With his Motion for the Appointment of a New, Impartial and Disinterested Attorney Pro Tem, Collin County’s District Attorney Greg Willis attempts to obtain a ruling on what would be better captioned as a Motion to Rescind the Recusal of the Former District Attorney. The case law he cites clearly supports the position that he should be given control over the case if he is not otherwise disqualified, but in the body of the motion he doesn’t request Judge Russell to give him control over the case so that he can subsequently recuse himself and request the appointment of new attorneys pro tem. Instead, he asks Judge Russell to roll a three-step process into one. Mr. Willis expects Judge Russell to take the full responsibility for removing White and Chandler and then see to the appointment of new attorneys pro tem without Willis first actually taking control of the case.
Mr. Willis’ lengthy dissertation concerning alleged impropriety of White and Chandler is totally unnecessary if, in fact, his motion could be read as a Motion to Rescind the Recusal of the Former District Attorney. The law is straight up and down. The former district attorney, John Roach, recused himself. He then appointed the Office of the Attorney General to provide the attorneys pro tem who arrived in the form of Mr. White and Mr. Chandler. As the new district attorney Willis can request to remove the attorneys pro tem from the case with no questions asked. Mr. Willis needs to prove nothing to take control of the case, but in his prayer for relief he doesn’t ask for the one thing all of his citations to statutes and case law allow.

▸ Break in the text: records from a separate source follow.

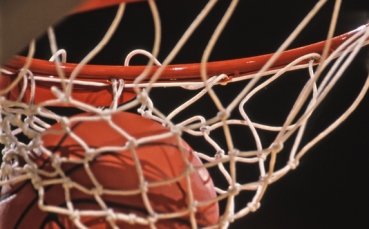 Ямбол уреди Вадим Река, ще играе срещу Дунав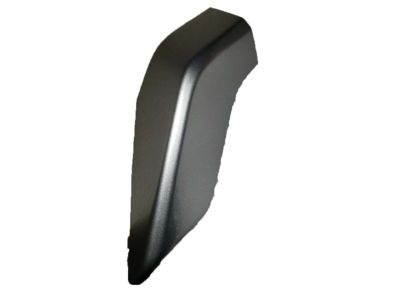 71506TGGA00ZE Honda 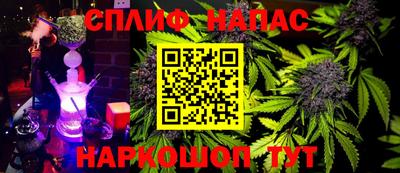 круглые Ливны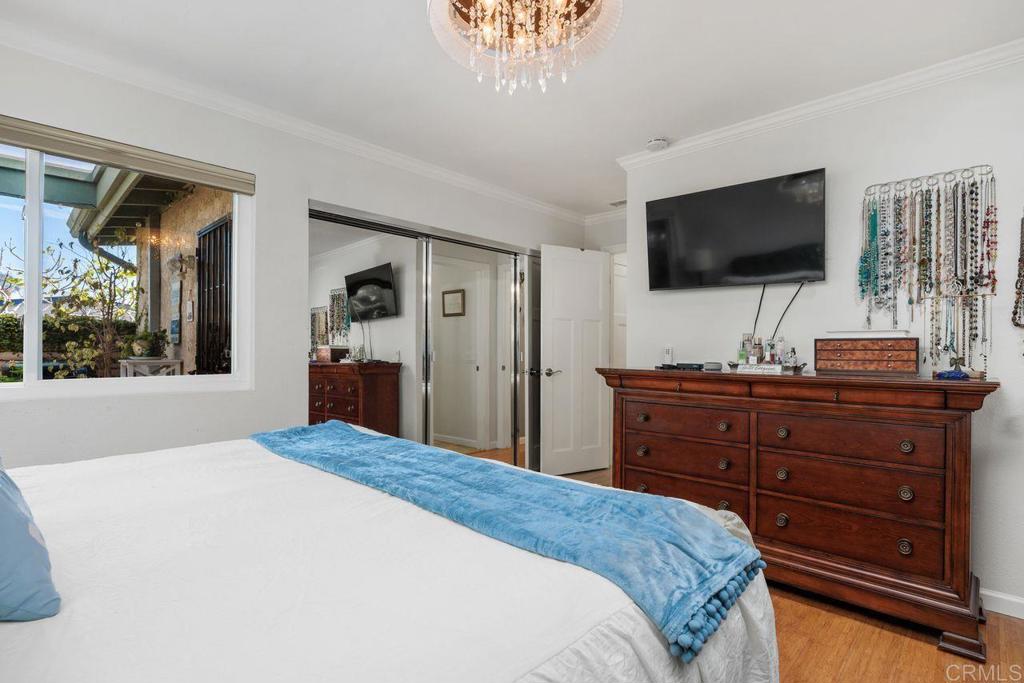 Oceanside, California, 92057, United States, 2 Bedrooms Bedrooms, ,2 BathroomsBathrooms,Residential,For Sale,1875366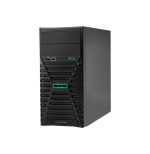 Serveur HPE ProLiant ML30 Gen11 (P87464-425) – Image 2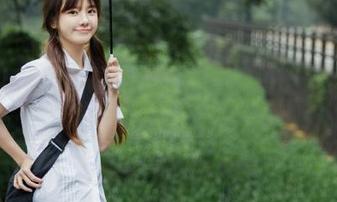 模范学院 – 走近白子嫣nicky空姐私拍图集，体验不一样的飞行生活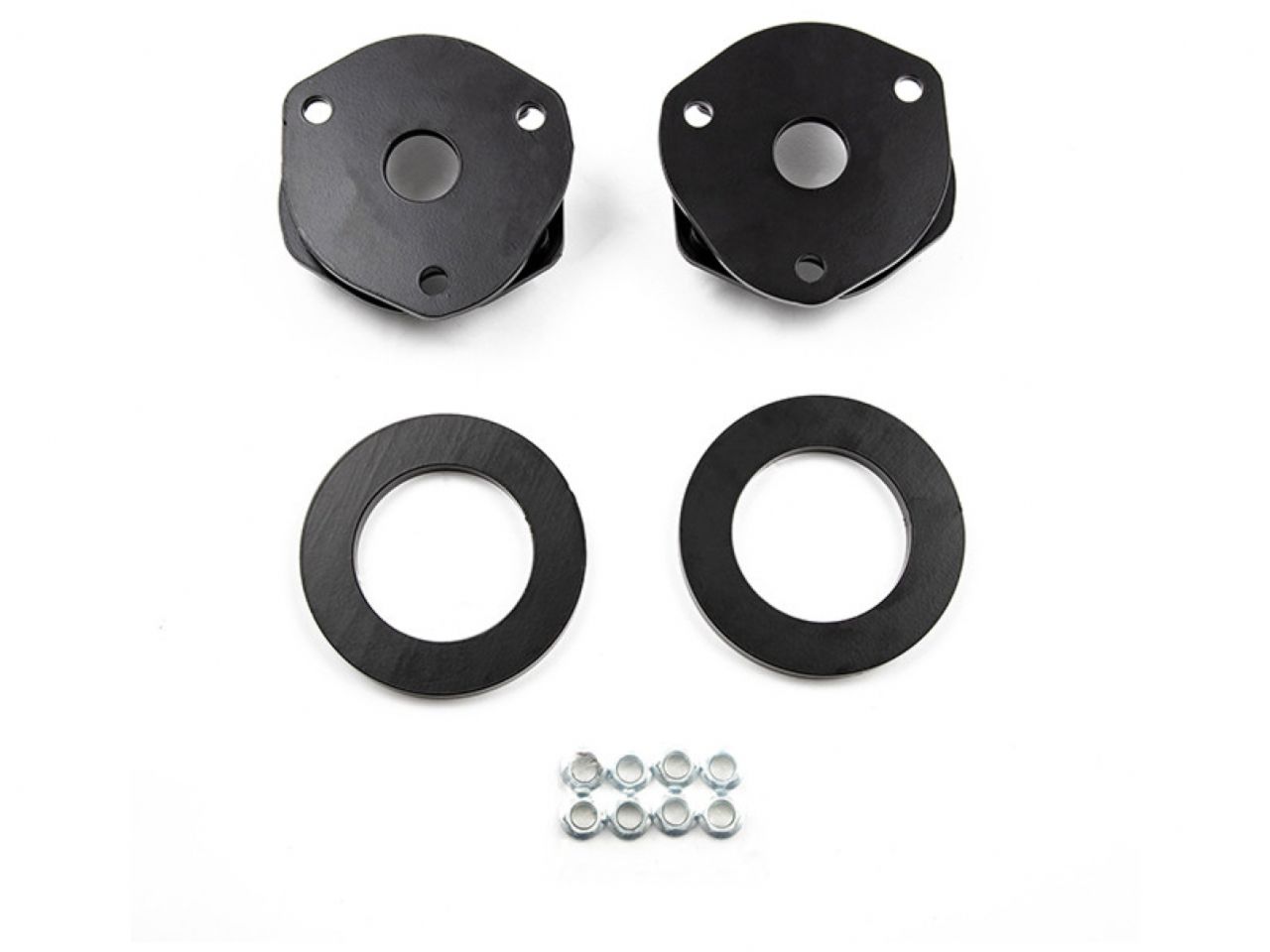 Belltech Vehicle Parts 34920 Item Image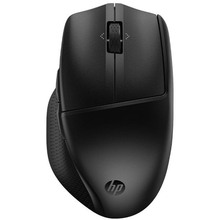 Комплект HP 680 Comfort Dual-Mode Black (8T6L6AA)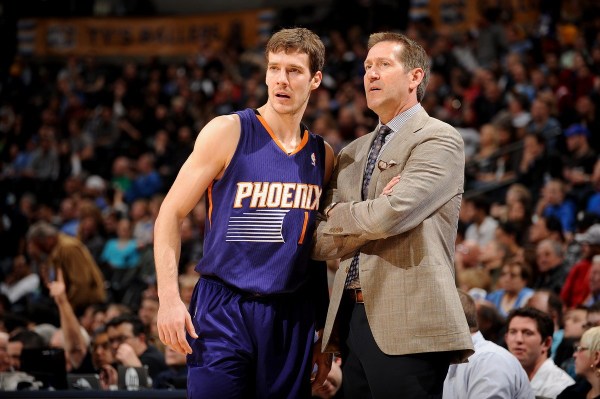 准度的磨练 准度的磨练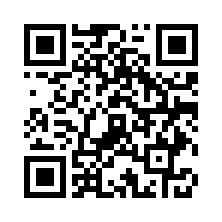 QR Code for 1GtaVcfeSbc7Len5fmGVwACPyuvNvuLC57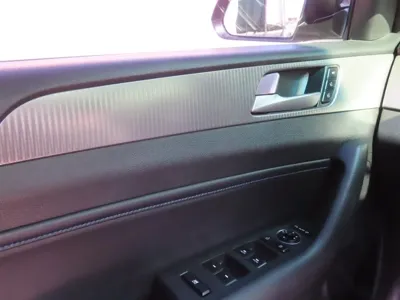 Hyundai Sonata 2018, 97589 км, за 14200000 KRW - фото 11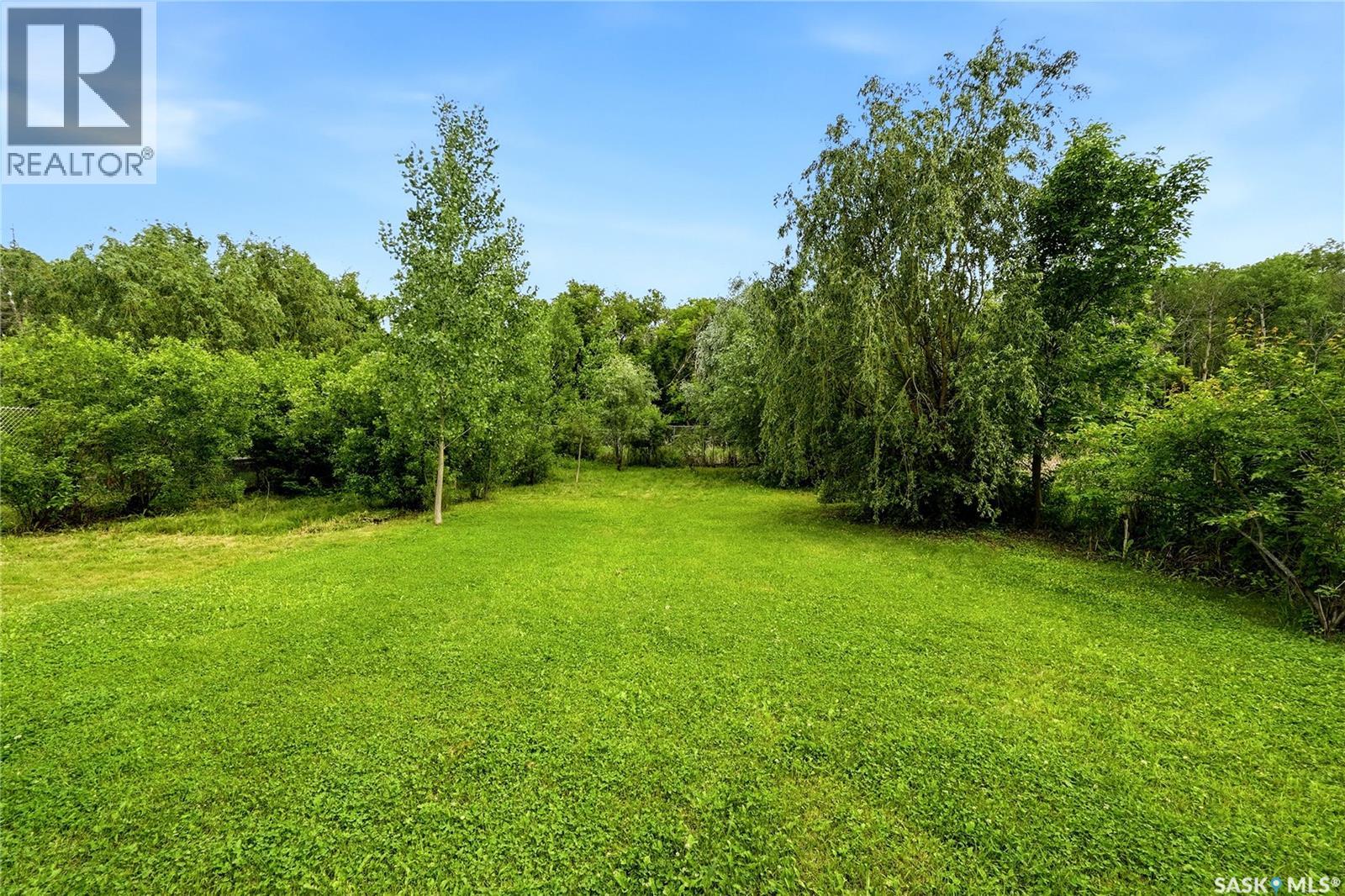 155 Qu'appelle Drive, Lumsden, Saskatchewan  S0G 3C0 - Photo 42 - SK041005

Willis’ citation to Coleman v. State, 246 S.W.3d 76, 85 (Tex. Crim.App.2008) has a fact pattern that supports his position. In Coleman, a former district attorney recused himself from prosecuting a case and attorneys pro tem were appointed. Nine days before trial, a new district attorney took office, but the new district attorney didn’t file a Motion to Rescind the Recusal of the Former District Attorney. He instead allowed the attorneys pro tem to finish the case. It was the defendant who filed a motion arguing that the new district attorney was qualified to handle the trial, and therefore the attorneys pro tem had no legal authority to continue their representation of the State. The defendant lost and this case memorializes the right of an incoming district attorney to remove the attorneys pro tem and take over a case so long as he is not otherwise disqualified.
In this case, Greg Willis has waited seven full months to make a less than exact effort to exercise his right to control of the Wooten matter. And he also waited until a huge personal conflict of interest grew into a public spectacle; specifically the repeated requests by Harry White to interview Jill Willis and her refusal to allow it.
This conflict of interest could easily disqualify Mr. Willis, but the law doesn’t allow Judge Russell to make that call except very narrow circumstances. It’s up to Greg Willis to recuse himself from the case, but the law first requires he make himself a party to it.
Mr. Willis hopes Judge Russell will ignore the fact the White and Chandler, who he seeks to remove, had subpoenaed his wife to testify concerning her “special relationship” with Judge Suzanne Wooten.
During the pre-trial hearing on the 29th of July, Judge Jill Willis’ attorney, Mr. Michael Pezzulli, brought a motion to quash the subpoena issued to Judge Willis by Harry White.
Judge Kerry Russell was unimpressed by Mr. Pezzulli’s arguments.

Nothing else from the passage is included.